Financiero de corazón, Miguel había alcanzado prestigio en las altas esferas administrativas como director del área de crédito al consumo en uno de los bancos transnacionales de mayor presencia, sobándose el lomo día a día para alcanzar éxito económico, destreza y seguridad. Súbito y sin sospecha el día a día se detuvo. Se instalaron airadas la pandemia de la corona y sus espículas mordaces, la del miedo azaroso y la de la doliente hipérbole mediática y con ellas, la confusión, irritable. Una nube negra envolvió al mundo.
¡Mucho se perderá y cambiarán los hábitos de consumo. Con poca liquidez en el bolsillo y ésta herida honda y lacerante, la ley de la oferta y la demanda establecerá un nuevo sistema económico, inocuo, basado en la deflación del ego y la inflación de la humildad. Vaya que si ya era hora!, advirtió Miguel airoso saboreando el pan dulce cuando de nuevo otra campanilla del móvil sorprendió su atención al conectarse en automático en videoconferencia tripartita con los altos ejecutivos bancarios para elaborar con celeridad el modelo de apoyo a tarjeta de crédito. ¡Qué pesadilla, a echarle inventiva o se nos viene el quebranto!, dijo abrumado.

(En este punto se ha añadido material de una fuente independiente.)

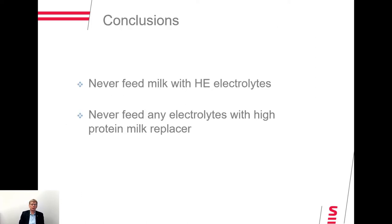My conclusions: never feed milk with high-energy electrolytes, and never feed any electrolytes with high-protein milk replacer. If you need to feed electrolytes with these rations, they need to be given as a separate meal. That is a practice we recommend, period.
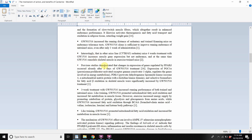Previous studies demonstrated that changes in expression of genes regulated by PPAR-delta occurred already after three days. So three days of regular Cardarine administration already changed gene expression — specifically the genes regulated by the PPAR-delta receptor.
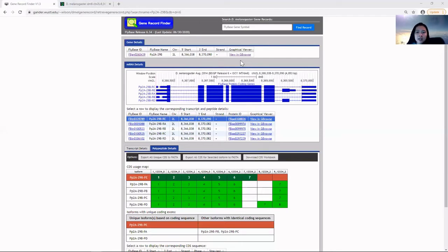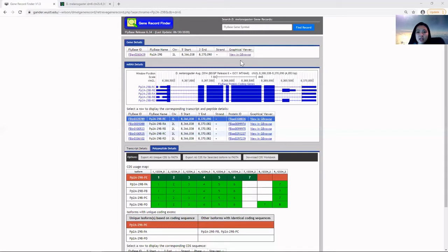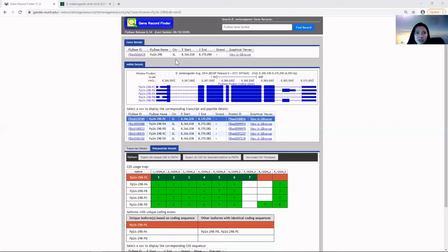It also includes a wide array of other map features that can be selected and viewed along the genome coordinate scale. For this specific gene, we can see it's located on chromosome 2L on the positive strand with its given coordinates.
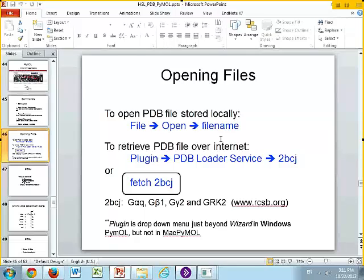From the Protein Data Bank, you can save files. In the upper right-hand corner in the summary there are display files or download files, so you can save your PDB files.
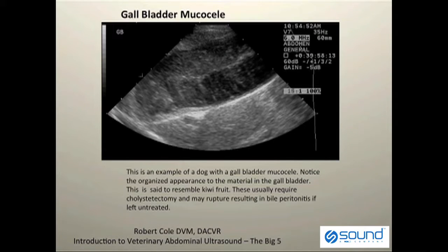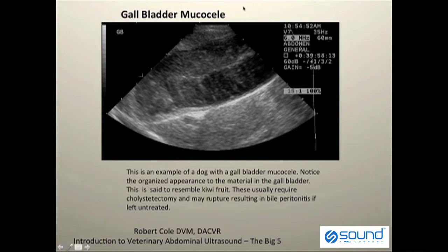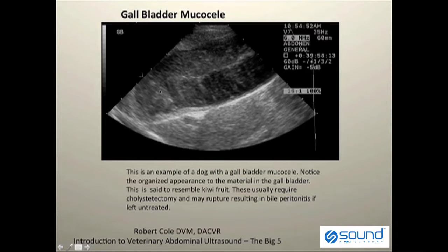This is an example of a gallbladder mucocele. Gallbladder mucoceles are a common problem being recognized more frequently, especially in our smaller and medium-sized patients. A mucocele has what we refer to as organized sludge within the lumen of the gallbladder, with characteristic finger-like projections emanating from the central portion of the gallbladder.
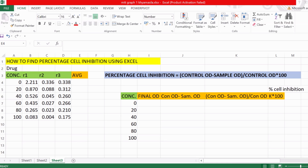Percentage cell inhibition has a formula: ctrl OD minus sample OD, divided by ctrl OD, multiplied by 100. This formula gives us the percentage of cells that are getting inhibited at different concentrations of the drug. This will become more clear when we come to the example.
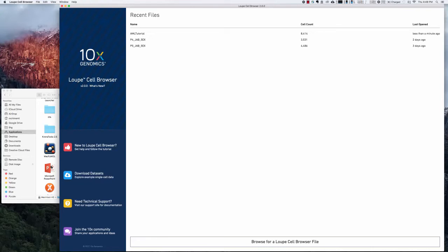Hello and welcome to this brief video tutorial on how to use the Loupe Cell Browser from 10x Genomics. This piece of software is a really nice way to get a quick visualization onto your single cell RNA-seq data, and I just wanted to make a quick video about it because I think it is a really nice software.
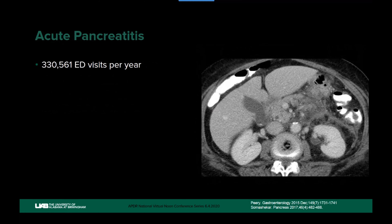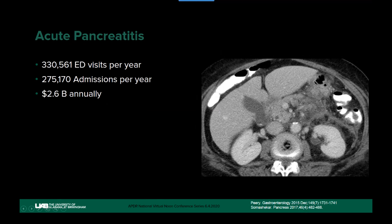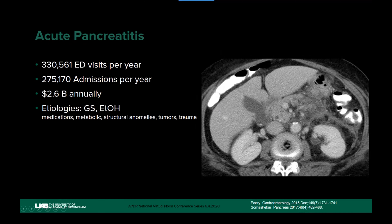Acute pancreatitis is a significant problem with over 330,000 ED visits per year. There's a 20% readmission rate, so you'll see these patients through all phases — not just at initial presentation, but through their drainages. The most common etiologies in our population are gallstones and ethanol use. We want imaging to detect and describe the pancreatitis effectively and also look for etiologies. In this example, inflammatory changes around the body and tail with lower enhancement suggesting necrosis can be seen alongside calcified gallstones — allowing both diagnosis and etiology identification.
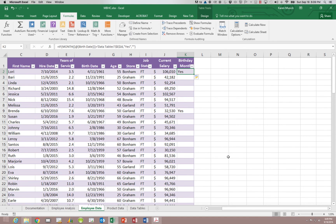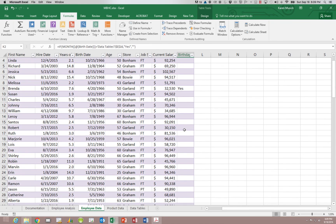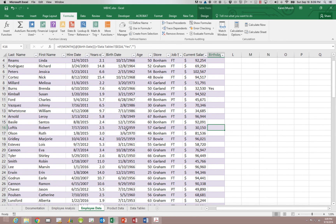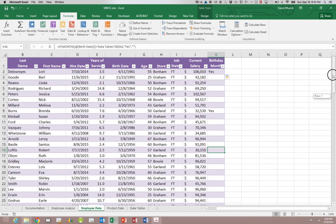Notice that anywhere where the month was four you see the word 'yes', but in cells where the month was seven and not four it is blank. That reviews the IF statement — you can see you have one decision, and that decision determines whether you're going to see the value if true or the value if false.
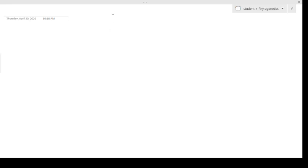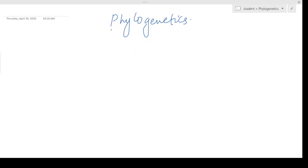Hello everyone. Today the topic of our discussion is phylogenetics. We have discussed a lot of different concepts related to genomics and comparative genomics — like how genes are correlated, how we do sequence alignment, how we compare different families, or how we identify different conserved sites. All of these basic concepts are related to evolution. Here we will directly jump into one of the biggest applications of evolution, that is phylogenetics, which is the most widely used bioinformatics application.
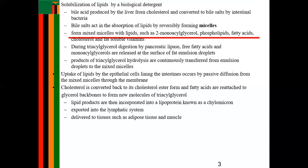Once triglycerols are formed, lipid products are incorporated into a lipoprotein known as a chylomicron. The chylomicron is then exported into the lymphatic system and delivered to tissues such as the adipose tissue for storage. This is how fatty acids are broken down, solubilized, and transported to body tissues such as muscles and adipose tissue.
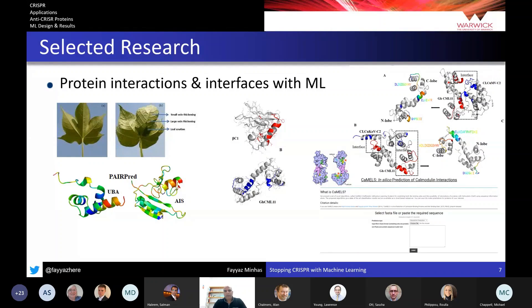We have a method called CAMELS, state-of-the-art for predicting protein interactions and interfaces for a protein called calmodulin, and another method called PAIRPRED for generic proteins. We tested these in the wet lab on proteins involved in the infection of cotton with cotton leaf curl virus, which is a big problem in Pakistan. The predictions of protein interaction partners and interfaces were validated and found to be correct.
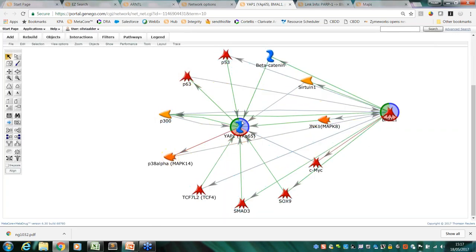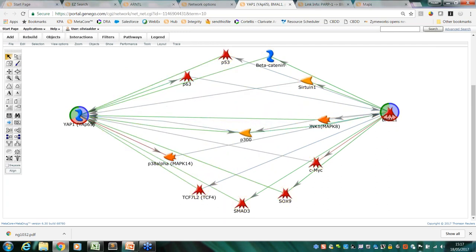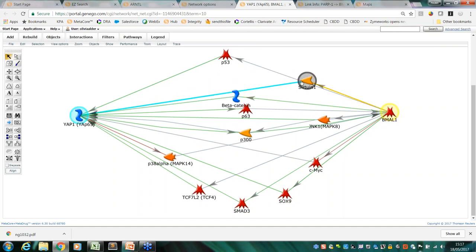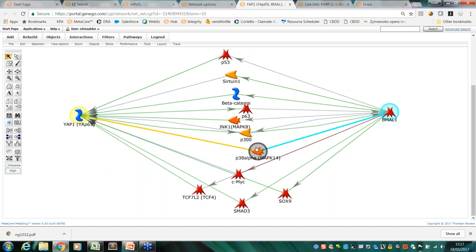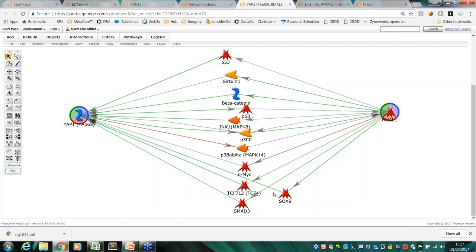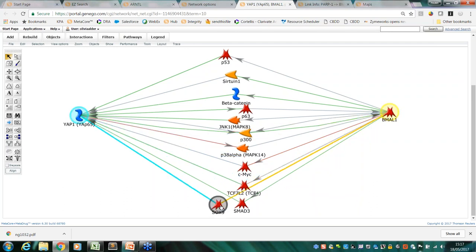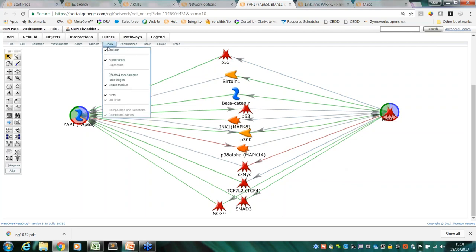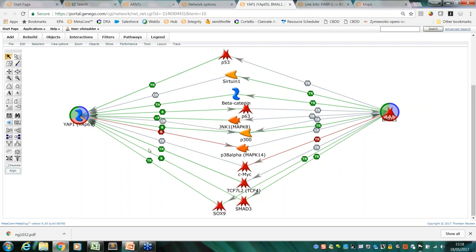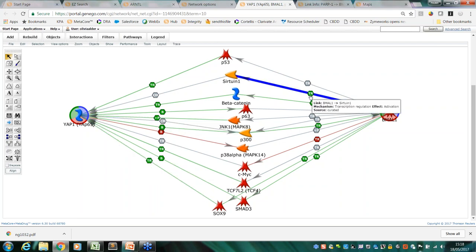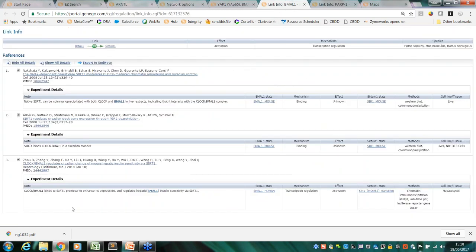These are the genes that I started with, BMAL1 and YAP1, and then these are all the ones that connect them. Although these genes weren't directly connected, only by adding an extra step in, there are a number of methods in which signaling pathways or signals could pass between these two genes. We can ask this to show us the mechanisms by which these interactions take place, like binding, phosphorylation, or transcriptional regulation. You can always link back to the literature that those interactions were based on.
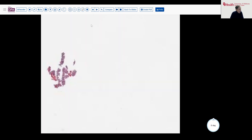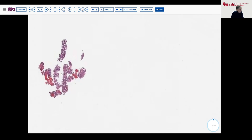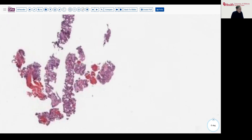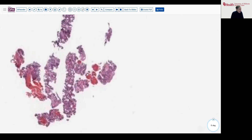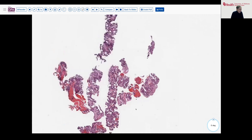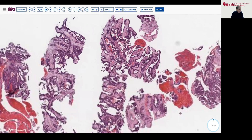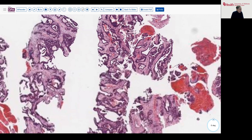Here we have representative cores, as you can see — fairly cellular tumor tissue with a lot of glandular spaces and epithelial lining, a little bit of cribriform pattern, perhaps.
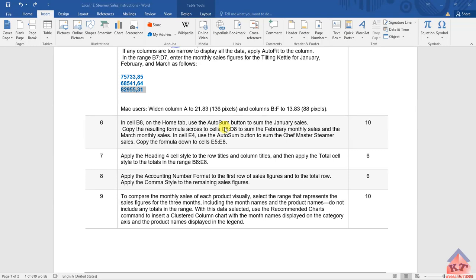Copy the resulting formula across to cells C8 to D8 to sum the February and March monthly sales.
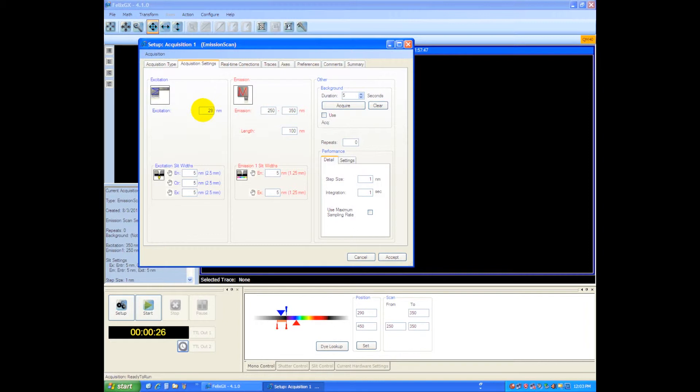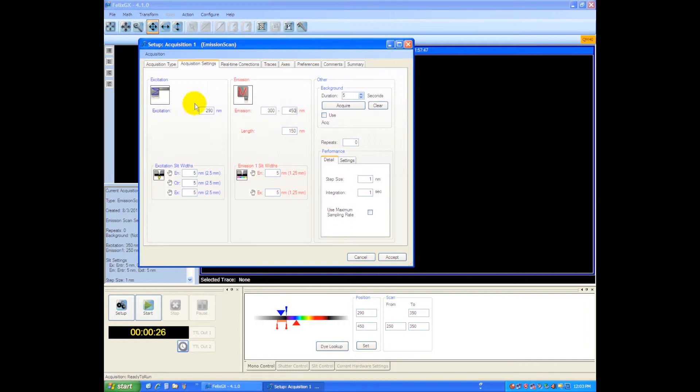This sample I'm looking at is BSA, which we're going to be exciting a tryptophan in this protein residue, and we're going to scan from 300 to 450 nanometers. So we'll be exciting at 290 and we're going to scan from 300 to 450 on the emission side.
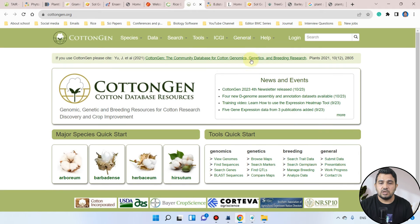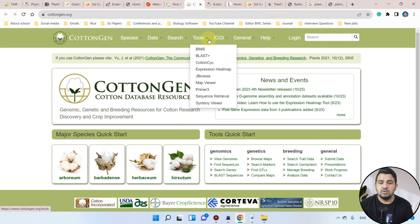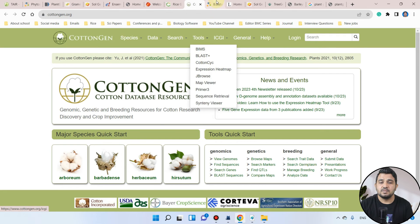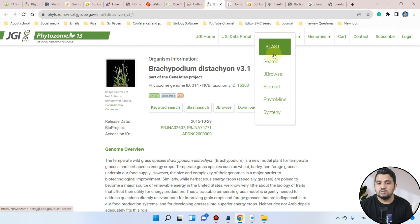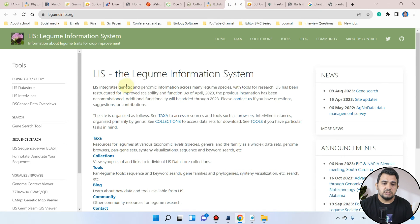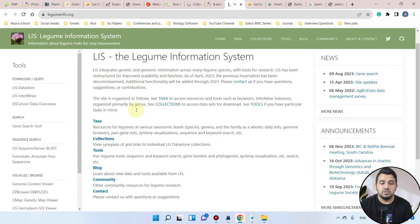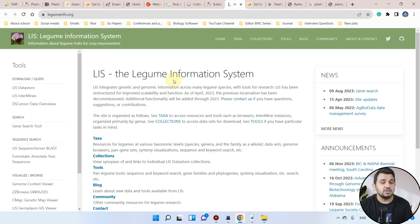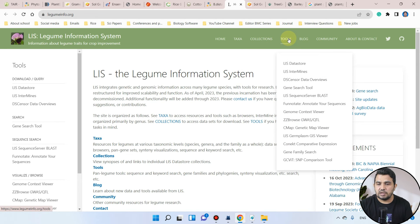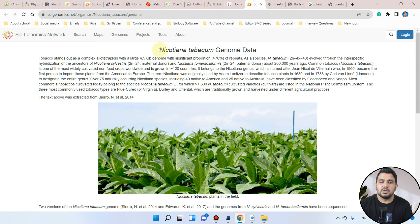If you are using the Brachypodium distachyon database, you can search it through Phytosome and again use the BLAST function. The next is the Legume Information System, where we have different tools. We will be using those for protein sequence extraction, including the gene search tool and the sequence server BLAST.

¡Dame un beso Miguel!, le dijo Ana asomando su ternura acariciando los rizos de Miguel. ¡Dos mil cuatrocientos pesos cobra un doctor por consulta, mil ochocientos un medicamento crónico de uso cotidiano (caja con catorce tabletas), trescientos mil pesos un discreto automóvil, siete millones de pesos un departamento raquítico, noventa y seis millones de dólares un óleo de Van Gogh! ¿Cómo lo explicas Miguel?, preguntó Ana entrada en las reflexiones, ¿Como le llamas a esto?, Intensificó Ana el tono. ¡El capitalismo sin estilo ni gracia!, respondió Miguel derrotado, fatigado de dirigir el área de crédito, la danza de la esclavitud, el grotesco encanto del hampa de cuello blanco.
Cayó asoleada la tarde primaveral, una más de la cuarentena trágica, lánguida, el confinamiento obligado. Ana había dormido largas horas desvanecida por el calor estacional. Miguel terminó de esbozar los gráficos corporativos para inducirse introspectivo en lo insondable de su mente venturosa. Caída la noche se despejó a la terraza, miró el cielo estrellado, limpio, y contemplativo liberó su sujeción impropia. Llamó a Ana desde el móvil quien despertó abrupta nuevamente. ¡No regresaré al banco Ana! ¿Que te parece si creamos uno, tu y yo?, dijo Miguel sereno mientras Ana guardaba silencio unos segundos. ¡Tengo al primer cliente y tal vez un segundo!, respondió Ana emocionada. Dejó el móvil encima de la mesa y amorosa corrió ávida a la terraza a encontrarse con Miguel.